Q&A with John Durham: Online Advertising in a Worsening Economy

With Washington bickering over a bailout package, the largest bank seizure in history happening, and general unease in the country about what comes next, I wondered how online advertising — on which so many Valley companies are now depending — might be impacted.

For more insight, I phoned John Durham, formerly head of business development for marketing powerhouse Carat North America and today cofounder of Catalyst:SF, a consultancy brought into startups through their venture capital backers, including Redpoint Ventures, Sequoia Capital, and Battery Ventures. “We sort of drop in an act as chief marketing officer until the startup launches,” he says.

Durham, who also teaches advertising to MBA students in San Francisco, told me that he still believes the future of online ad spending remains bright. He also suggested that plenty of startups will start to feel walloped soon.

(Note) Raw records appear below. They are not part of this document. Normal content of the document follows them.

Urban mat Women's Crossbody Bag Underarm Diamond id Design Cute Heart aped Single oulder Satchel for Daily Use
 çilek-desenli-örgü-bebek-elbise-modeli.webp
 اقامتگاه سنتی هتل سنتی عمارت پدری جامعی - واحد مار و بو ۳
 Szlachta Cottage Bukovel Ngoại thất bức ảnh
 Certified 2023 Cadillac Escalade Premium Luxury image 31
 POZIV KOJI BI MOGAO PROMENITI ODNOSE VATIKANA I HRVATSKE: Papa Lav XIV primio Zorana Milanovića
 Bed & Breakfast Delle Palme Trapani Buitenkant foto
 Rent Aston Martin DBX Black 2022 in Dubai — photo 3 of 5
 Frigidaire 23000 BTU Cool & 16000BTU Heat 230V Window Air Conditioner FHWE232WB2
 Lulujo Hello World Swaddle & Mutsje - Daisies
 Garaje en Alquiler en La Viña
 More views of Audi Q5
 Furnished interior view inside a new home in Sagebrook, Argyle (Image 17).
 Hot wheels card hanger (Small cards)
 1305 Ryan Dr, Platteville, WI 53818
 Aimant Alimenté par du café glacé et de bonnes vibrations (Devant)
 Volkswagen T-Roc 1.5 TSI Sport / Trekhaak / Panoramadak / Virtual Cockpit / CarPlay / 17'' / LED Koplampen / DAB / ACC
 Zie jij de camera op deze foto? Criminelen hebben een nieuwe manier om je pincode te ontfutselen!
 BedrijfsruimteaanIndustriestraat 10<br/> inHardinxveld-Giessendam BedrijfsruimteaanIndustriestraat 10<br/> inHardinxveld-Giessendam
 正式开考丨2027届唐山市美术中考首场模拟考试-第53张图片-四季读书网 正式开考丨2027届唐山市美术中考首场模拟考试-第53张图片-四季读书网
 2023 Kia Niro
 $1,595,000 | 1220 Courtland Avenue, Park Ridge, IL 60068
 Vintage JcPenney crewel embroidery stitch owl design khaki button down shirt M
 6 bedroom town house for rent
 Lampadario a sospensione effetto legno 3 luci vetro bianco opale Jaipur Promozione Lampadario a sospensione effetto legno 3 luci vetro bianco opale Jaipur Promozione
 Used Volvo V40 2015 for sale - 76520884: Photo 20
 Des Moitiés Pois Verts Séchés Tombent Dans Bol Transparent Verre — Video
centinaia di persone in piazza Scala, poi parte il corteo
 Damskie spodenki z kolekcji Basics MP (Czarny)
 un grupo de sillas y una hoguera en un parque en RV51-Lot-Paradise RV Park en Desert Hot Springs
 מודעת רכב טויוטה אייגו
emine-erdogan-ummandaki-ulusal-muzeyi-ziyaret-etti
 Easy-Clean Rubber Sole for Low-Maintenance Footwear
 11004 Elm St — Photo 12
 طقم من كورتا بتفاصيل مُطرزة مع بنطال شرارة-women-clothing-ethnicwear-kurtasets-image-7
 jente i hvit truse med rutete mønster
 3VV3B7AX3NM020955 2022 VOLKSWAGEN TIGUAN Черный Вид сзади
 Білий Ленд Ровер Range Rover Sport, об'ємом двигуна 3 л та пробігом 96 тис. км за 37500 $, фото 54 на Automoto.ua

Obviously, ad spending — of all types – depends on consumer spending, but I don’t see that picking up anytime soon. In fact, it’s likely to go into a deep freeze. So what does that mean for Internet advertising?

Well, more and more people are starting to embrace digital advertising, and I actually think it will continue to grow. I don’t think the growth will be crazy, because advertisers are getting much smarter about ensuring that their clients deliver really rich Web experiences. But then again, older brands that haven’t embraced digital are beginning to do that, so I think we’re in a good time.

Really? You don’t think the advertising budgets are going to get slashed after the carnage of the past couple of weeks?

I think smart marketers realize that now is the time they can get good inventory without having to spend Super Bowl amounts of money. That’s what makes our business fun. I’m not going to say that it’s going to be really great right now, but digital advertising works. It has great payback because people are using the Web in all parts of their lives, and advertisers follow the herd, whether it’s mobile or enhanced video or on television.

But surely advertisers are pulling back.

Sure, it’s tough, I just came back from New York Adweek, and people are nervous. But they are dropping print. They’re being smarter about TV, which is still the most powerful medium. They’re focusing more on digital out of the home, where you see video screens in Starbucks and in airports and lounges.

And what about online?
Search is still the gateway for a lot of money, then display, then advertising dollars move into other forms of advertising. In fact, people can wear out advertisers with the new ideas that they’re always being presented.

Who’s making big bucks aside from Google?

A lot of publishers at very high end levels. Yahoo continues to make money — maybe not to make Wall Street happy but an amount that would make a lot of people happy. Talking Lemon, Glam and other vertical [ad networks] are doing really well and satisfying niche customer bases.

I read in Valleywag today that Glam is undergoing layoffs right now.

I don’t ascribe reorganizations to trouble. Advertisers have liked them and embraced them. That said, just because companies raise all this money, you still have to put a smart product out there so that advertisers can trust that you have customers.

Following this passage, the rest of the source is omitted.